Your response to the data below should hold nothing except the lines from the one containing "Vrouwen Geisha Fashion" down to the one containing "How to Bake a Book", reproduced exactly and without pictures.

- _Information shown_:
........
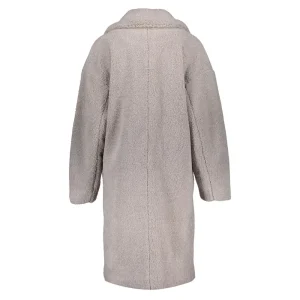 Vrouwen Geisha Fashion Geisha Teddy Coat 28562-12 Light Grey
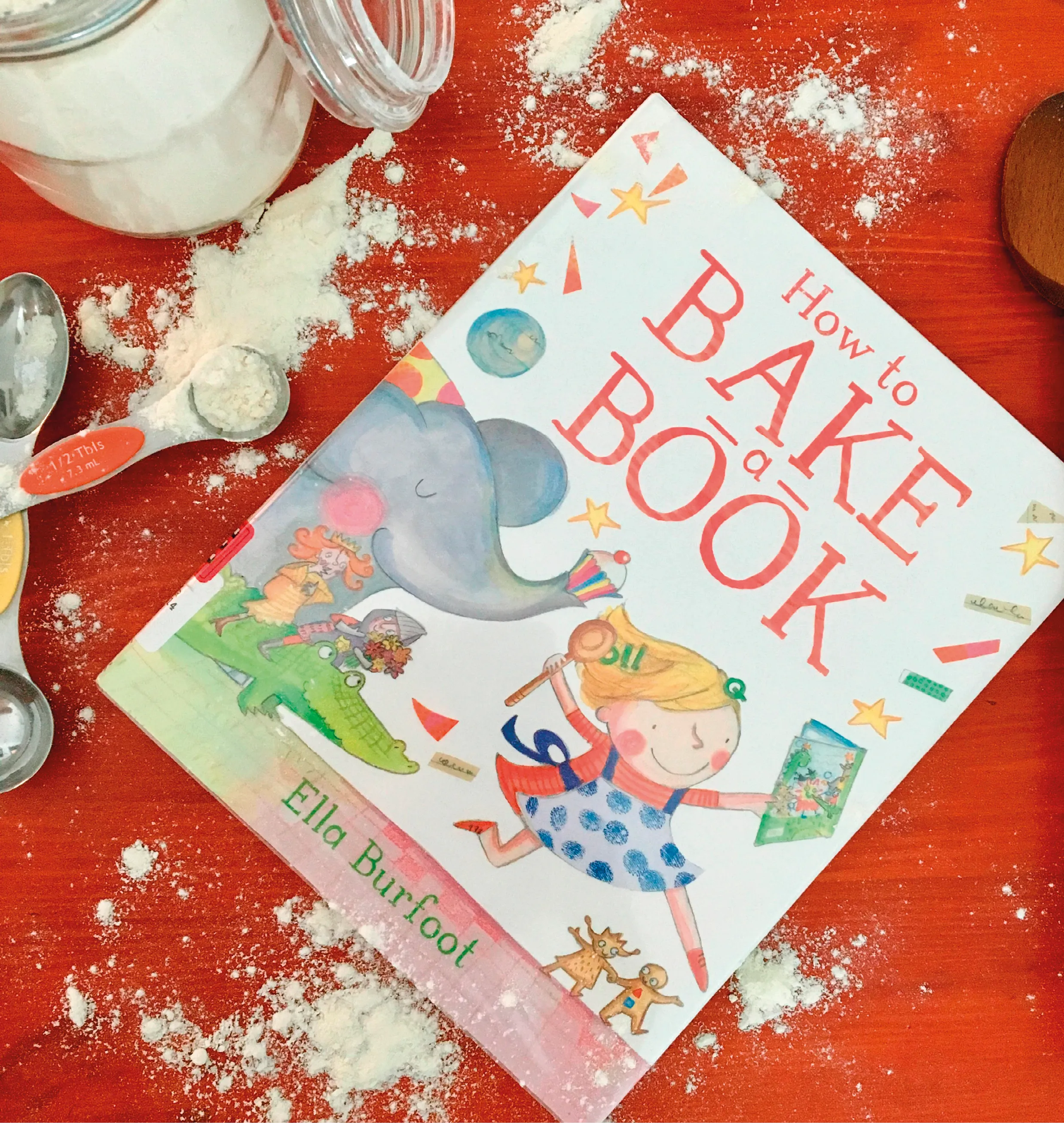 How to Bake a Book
........
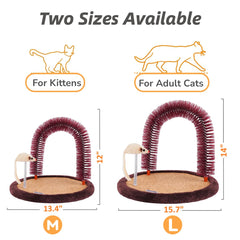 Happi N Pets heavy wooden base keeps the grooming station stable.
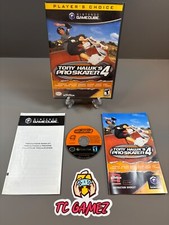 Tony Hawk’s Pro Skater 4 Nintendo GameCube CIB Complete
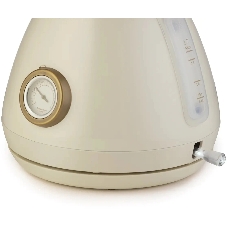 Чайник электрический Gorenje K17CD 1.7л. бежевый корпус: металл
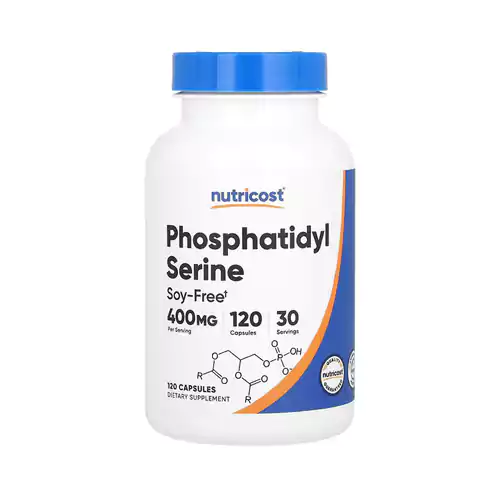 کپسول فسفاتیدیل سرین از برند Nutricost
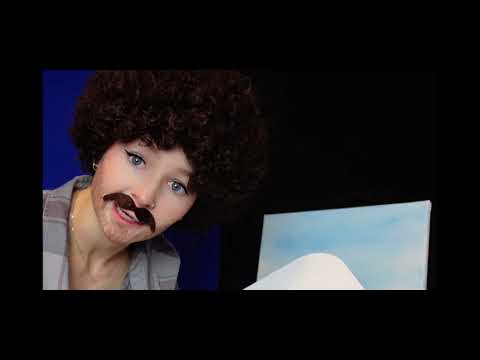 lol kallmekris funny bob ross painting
........
- _Answer to this problem_:
 Vrouwen Geisha Fashion Geisha Teddy Coat 28562-12 Light Grey
 How to Bake a Book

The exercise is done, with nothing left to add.